Pros and cons of using delay queues

Using delay queues within RabbitMQ has several benefits and drawbacks:

Integrated and simple setup: The delayed queue system is part of RabbitMQ and MailerQ’s configuration. When MailerQ starts, it automatically creates the necessary delay queues, and messages are managed without additional infrastructure.

Reliable delays: By setting exact timeouts in seconds, MailerQ can ensure that delayed messages appear in the outbox queue at the desired time, meeting application-specific scheduling needs.

Resource-intensive: Every delay cycle involves messages expiring, being forwarded to the next queue, and eventually reappearing in the outbox. This increases the workload on RabbitMQ, MailerQ, and the network, particularly with frequent or high-volume delays.

Not designed for long-term storage: RabbitMQ is optimized for real-time message flows, not for long-term message storage. Using RabbitMQ to hold messages for extended periods can affect performance.

Queue complexity: The additional delay queues make the queue topology more complex, especially with multiple queues for various timeouts. This may complicate queue management and monitoring.

Alternative solution: amqpdelayer for efficient delayed messaging

For high-load or longer delays, an alternative approach is using amqpdelayer, a custom application designed to handle delayed messages outside of RabbitMQ. It reads delayed messages from RabbitMQ and holds them temporarily within its own storage until the delay period is complete. After the specified delay, it sends the message back to RabbitMQ for final processing, significantly reducing the workload on RabbitMQ by minimizing repeated message forwarding and queue cycling.

Since amqpdelayer stores messages independently, RabbitMQ’s delay queues don’t experience the constant expiry and movement of messages, resulting in a lighter load on RabbitMQ and MailerQ and improved overall efficiency.

Topology adjustments when using amqpdelayer

Integrating amqpdelayer into your mail stack requires adjustments to the RabbitMQ topology. The goal is to route all retries and reschedules to amqpdelayer, and after their delay back to the outbox. This can be achieved in many ways, but our recommendation is to setup an extra exchange and queue, while keeping the same routing keys. This gives the best monitoring and debugging options.

Separate exchanges for applications: Give each application its designated exchange. MailerQ writes to the "mailerq" exchange, while amqpdelayer writes to a separate "amqpdelayer" exchange.

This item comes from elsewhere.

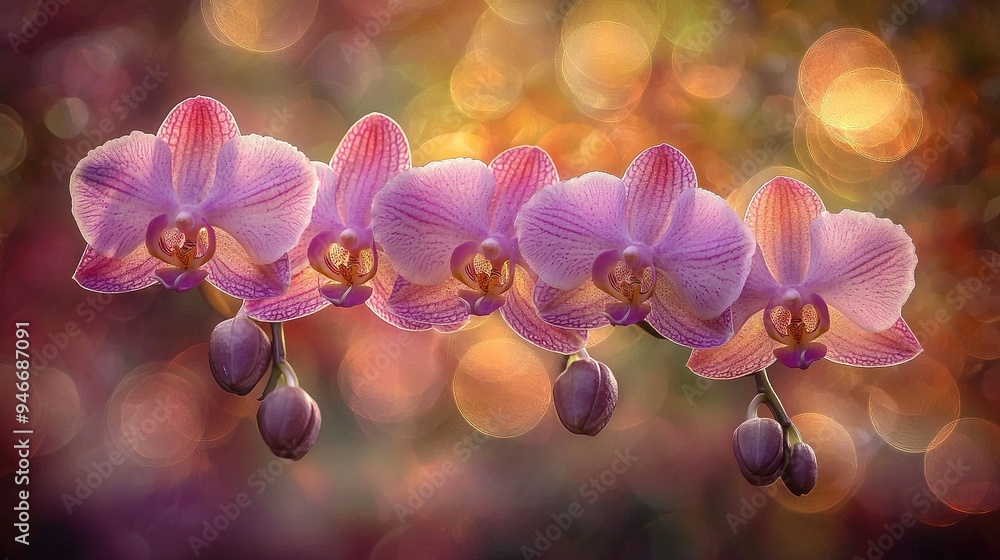 Poster a close-up of flowers on a branch with blurred lights in the background and an out-of-focus backgrou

Separate queues for applications: Each application gets its own input queue. MailerQ reads its input from the "outbox" queue, and amqpdelayer from the "delays" queue.

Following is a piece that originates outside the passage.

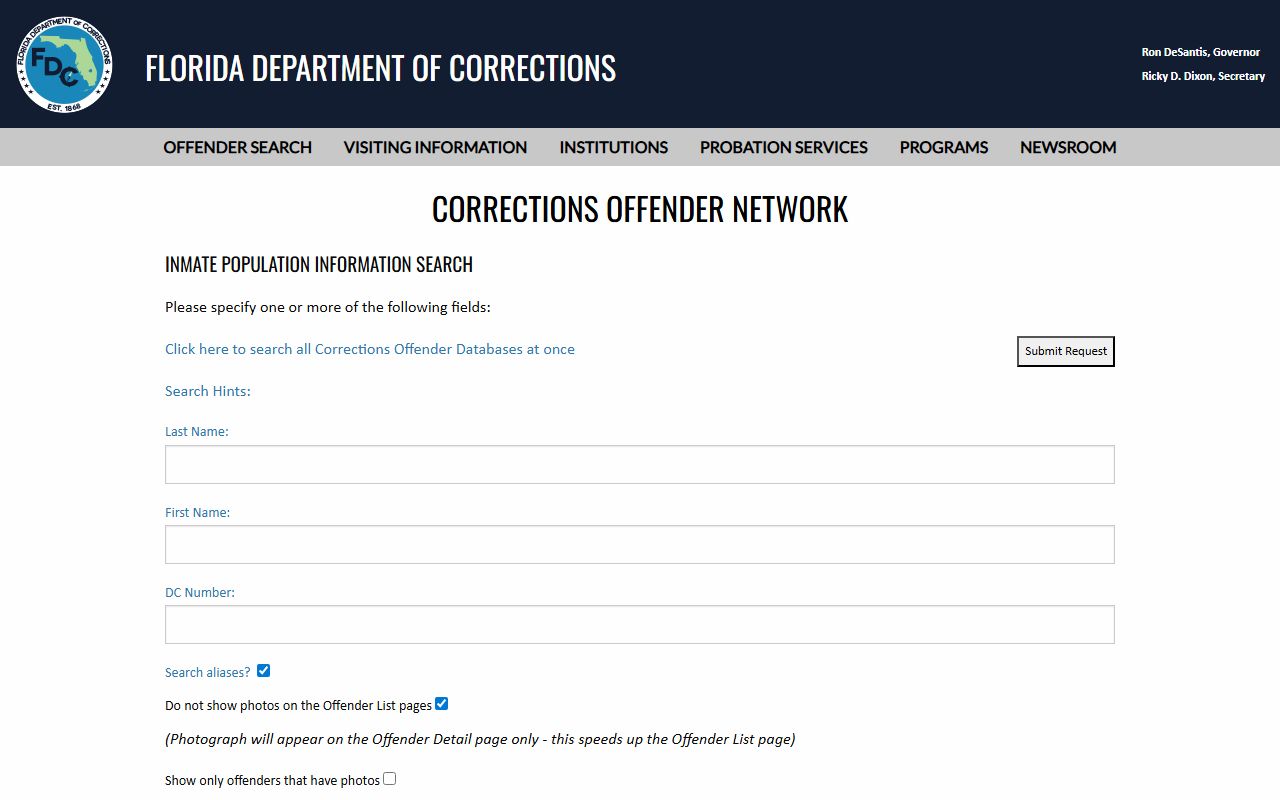 Florida Department of Corrections offender search form for sentenced Marion County inmates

Routing delayed messages to amqpdelayer: The normal bindings between the "mailerq" exchange and the "outbox" queue should be removed, and replaced with two similar bindings between the "mailerq" exchange and the "delayed" queue. Add a binding for the routing key "outbox" and one for routing key "retries".

Routing processed messages to mailerq: Add two new bindings from the "amqpdelayer" exchange to the "outbox" queue. Use the routing key "outbox" and "retries" here too.

The above changes ensure that messages are still being moved around with the same routing keys, but are first processed by amqpdelayer before they are returned to MailerQ.

Adjustments to the MailerQ config file

Disable queue declaration: Because of the custom topology, you can no longer rely on MailerQ setting up the topology. The variables rabbitmq-declare and delayed-declare should therefore both be set to false.

Reduce number of delayed queues: MailerQ no longer has to pump messages around to the delayed queues, so the setting delayed-queues can be set to 0.

Adjustments to the AMQPDelayer config file

The config file of amqpdelayer should be modified to make it read from the "delayed" queue, and publish to the "amqpdelayer" exchange, while preserving routing keys. You especially need to pay attention to these settings:

• The variable rabbitmq-exchange in the amqpdelayer config file should be set to amqpdelayer.

• The variable rabbitmq-routingkey should be empty. This will make amqpdelayer publish the output messages with their original routing key. This can be helpful for debugging.